>>
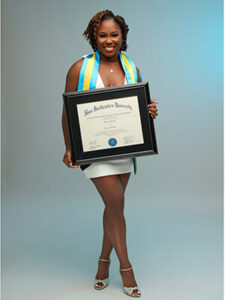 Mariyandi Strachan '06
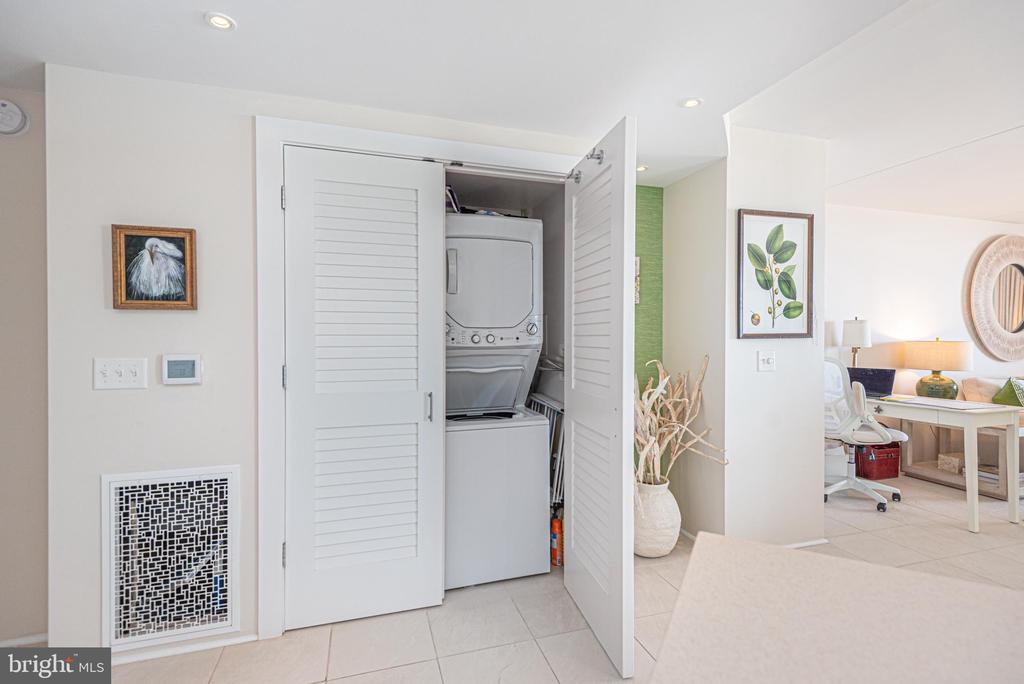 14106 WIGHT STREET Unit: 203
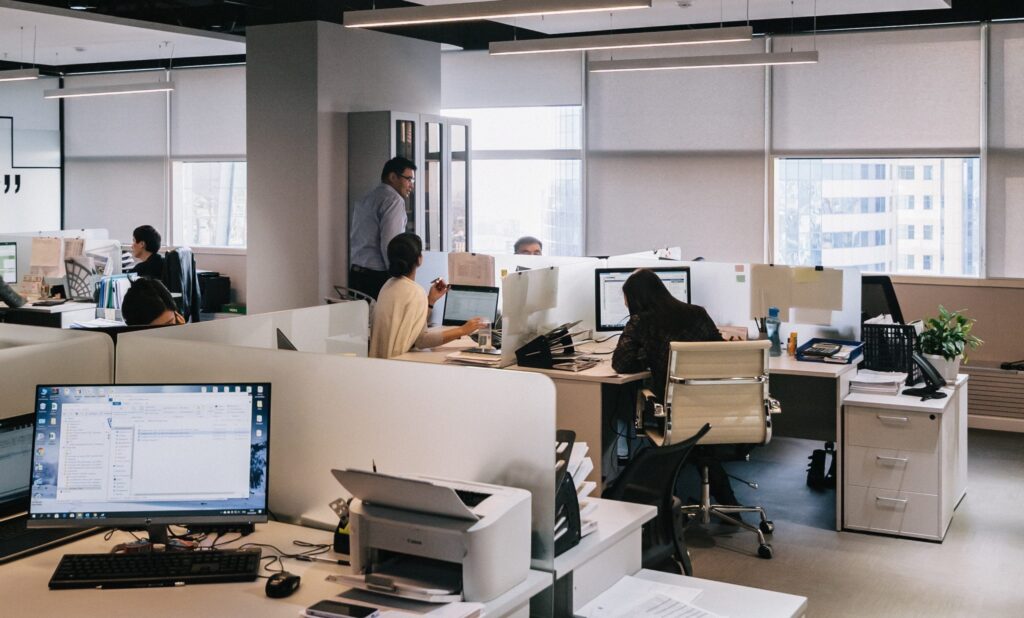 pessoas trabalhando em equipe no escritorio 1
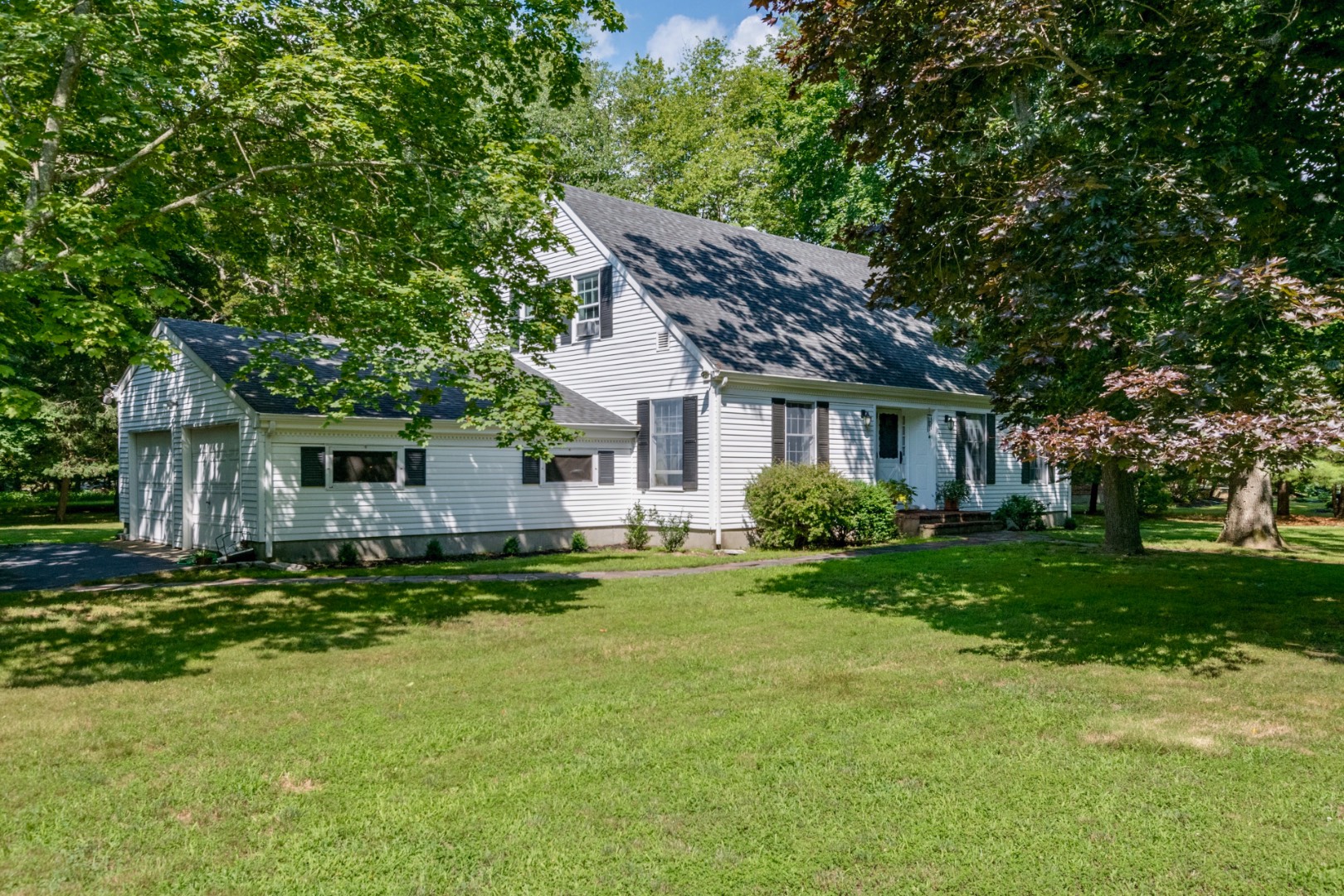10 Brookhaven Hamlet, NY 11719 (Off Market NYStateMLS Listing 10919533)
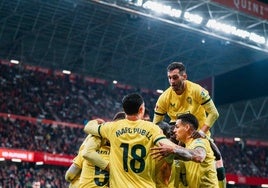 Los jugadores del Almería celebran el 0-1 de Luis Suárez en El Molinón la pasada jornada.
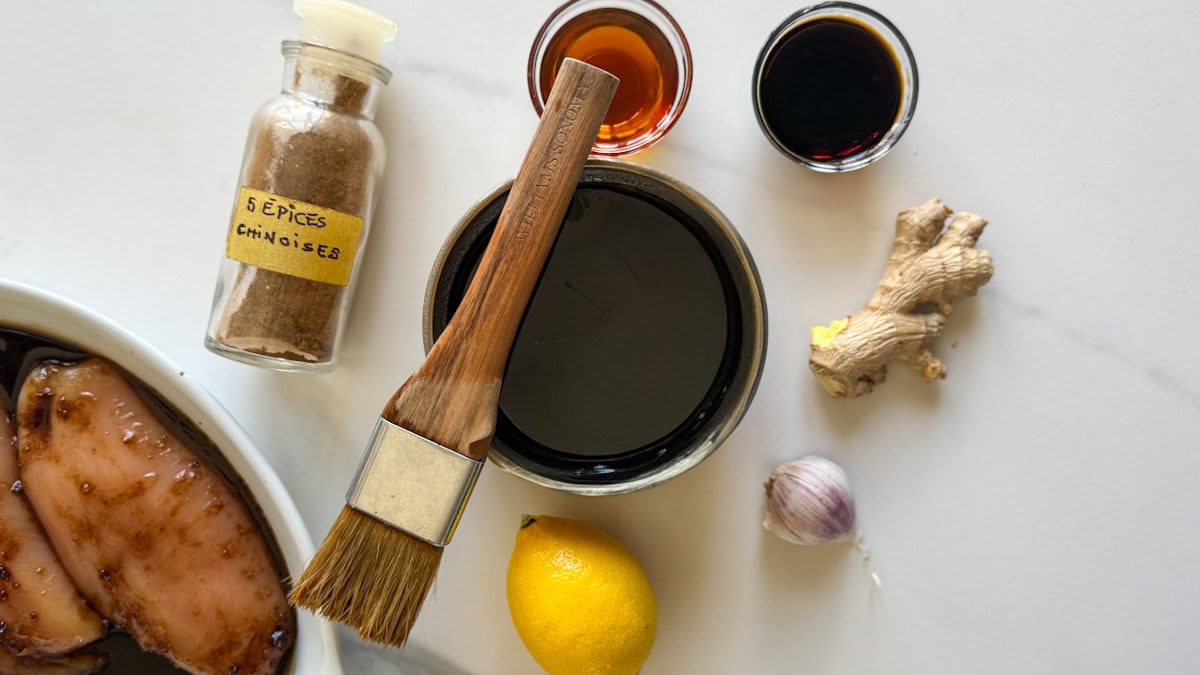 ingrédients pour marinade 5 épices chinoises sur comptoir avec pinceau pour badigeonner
<<
>>
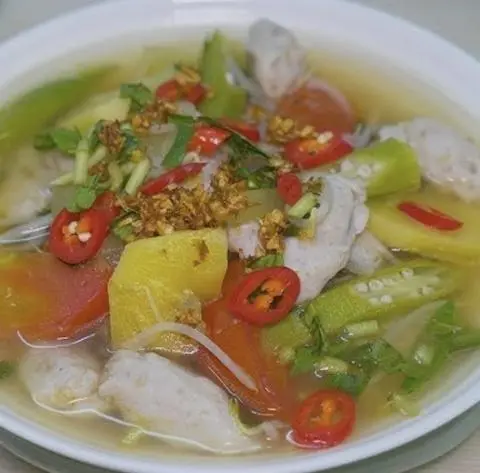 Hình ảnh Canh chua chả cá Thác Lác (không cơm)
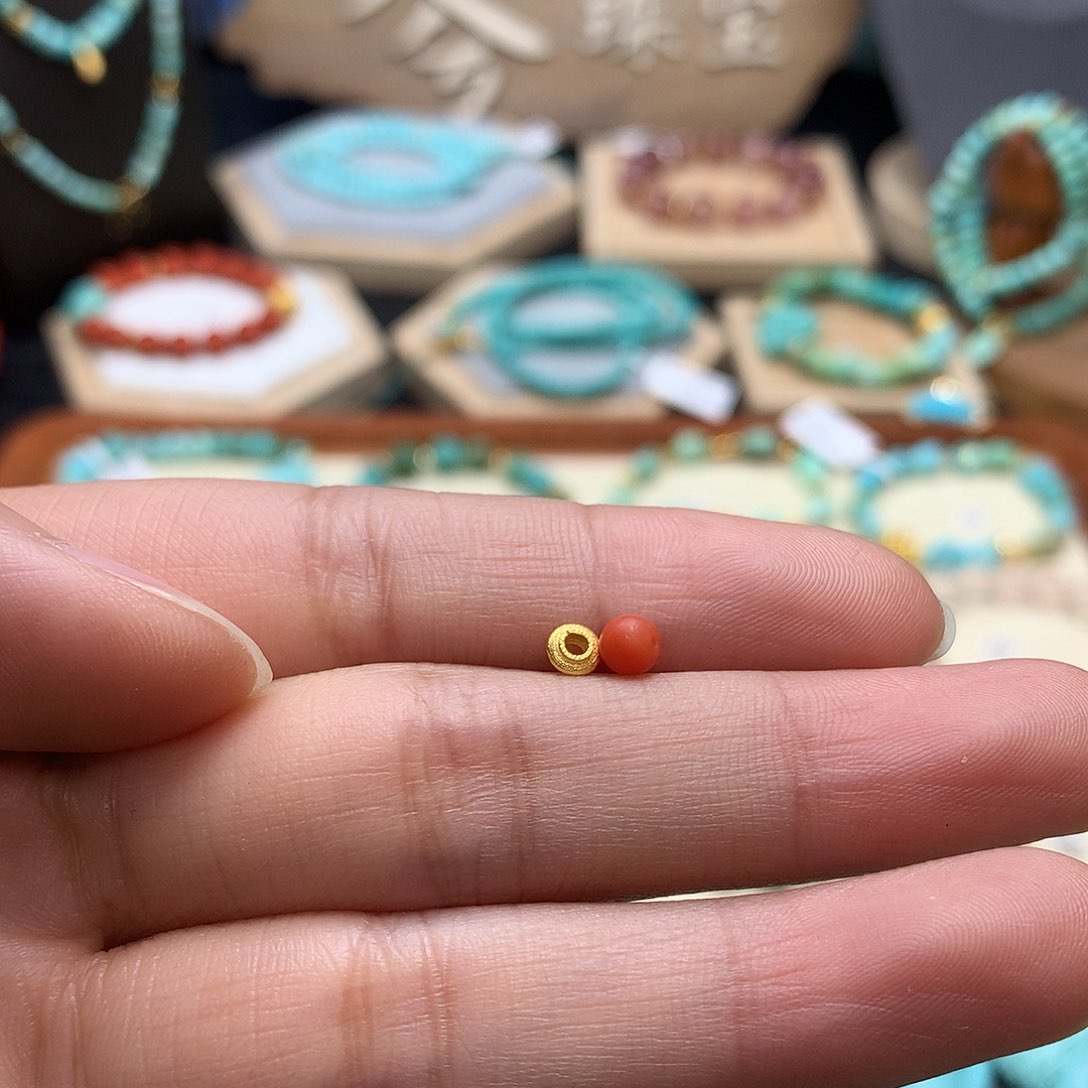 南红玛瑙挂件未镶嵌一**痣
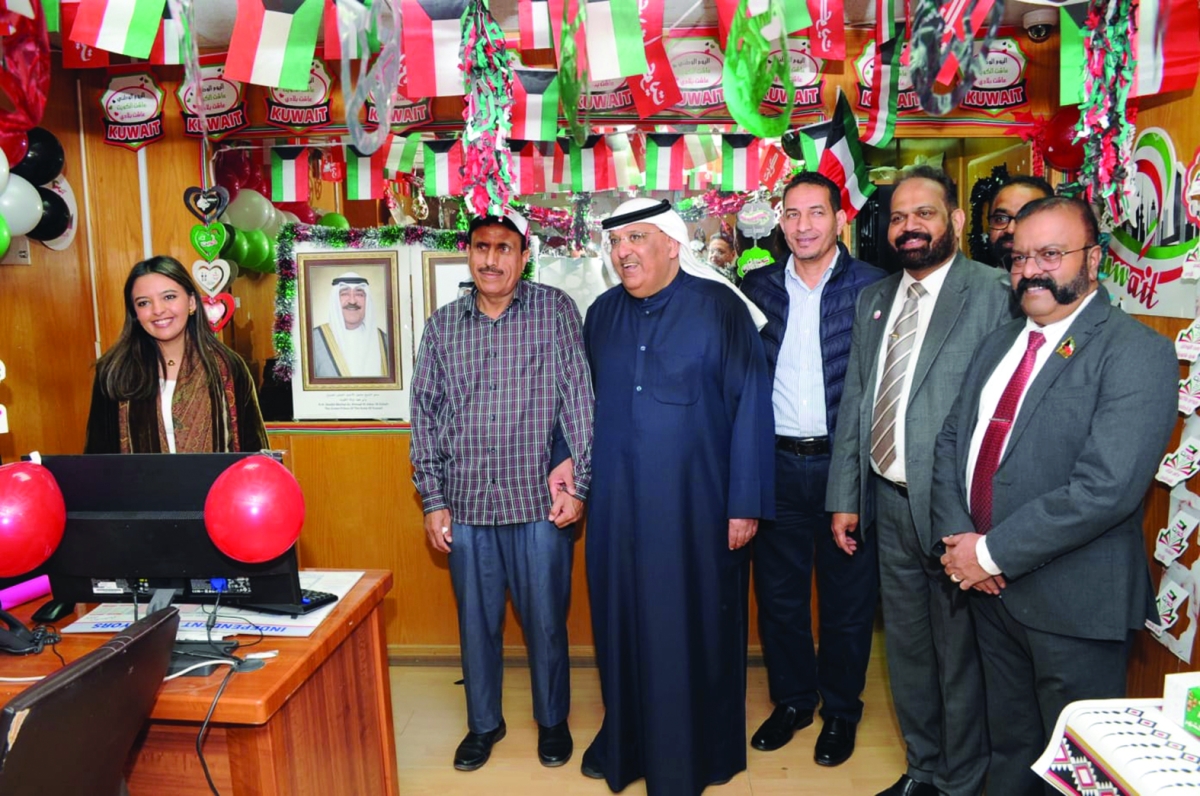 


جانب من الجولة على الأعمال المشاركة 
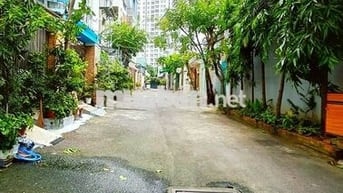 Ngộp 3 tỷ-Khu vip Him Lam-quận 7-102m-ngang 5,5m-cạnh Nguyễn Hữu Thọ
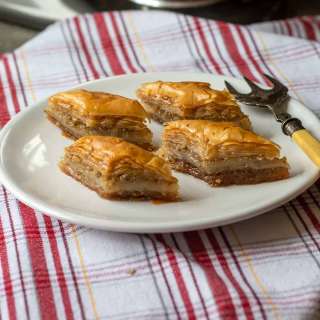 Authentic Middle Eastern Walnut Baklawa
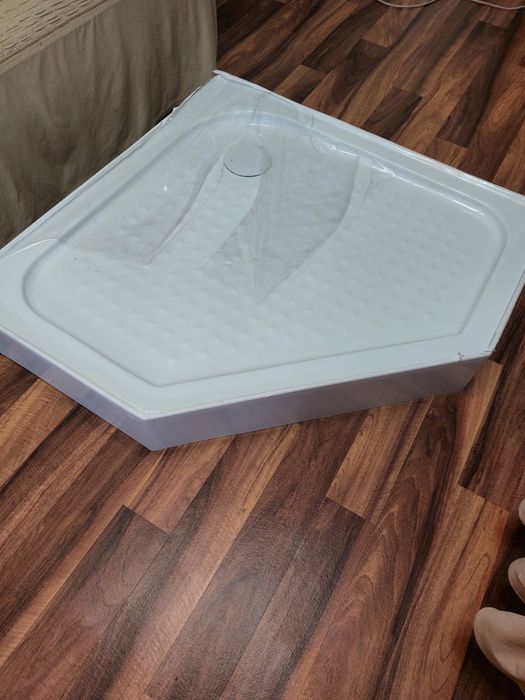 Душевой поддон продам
<<
>>
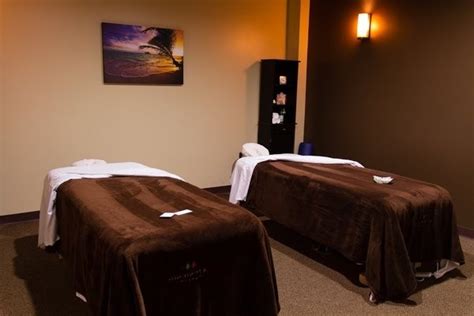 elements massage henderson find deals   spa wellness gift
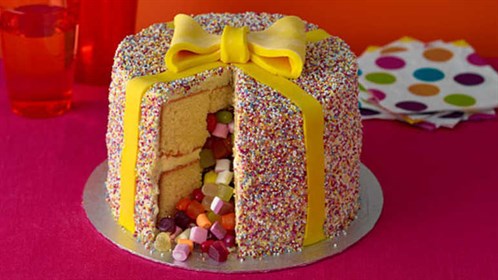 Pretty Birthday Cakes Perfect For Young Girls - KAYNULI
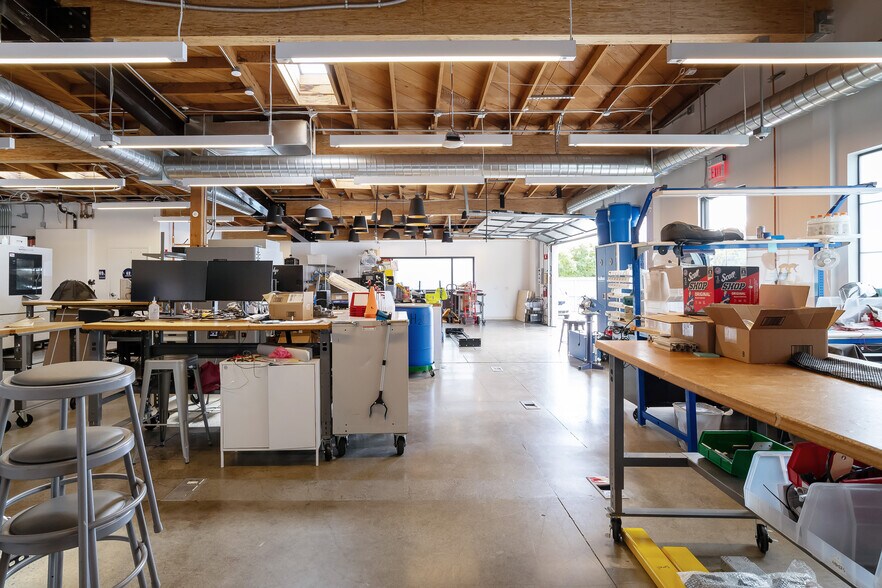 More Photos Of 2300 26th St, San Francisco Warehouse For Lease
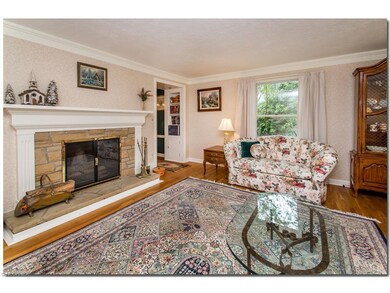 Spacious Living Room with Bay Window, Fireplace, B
<<
WHAT IS REQUIRED =
When copying from the data above, begin at the line containing "Hình ảnh Canh" and end at the line containing "Душевой поддон продам"; return those lines exactly and leave all pictures behind.

ANSWER BOX =
 Hình ảnh Canh chua chả cá Thác Lác (không cơm)
 南红玛瑙挂件未镶嵌一**痣


جانب من الجولة على الأعمال المشاركة 
 Ngộp 3 tỷ-Khu vip Him Lam-quận 7-102m-ngang 5,5m-cạnh Nguyễn Hữu Thọ
 Authentic Middle Eastern Walnut Baklawa
 Душевой поддон продам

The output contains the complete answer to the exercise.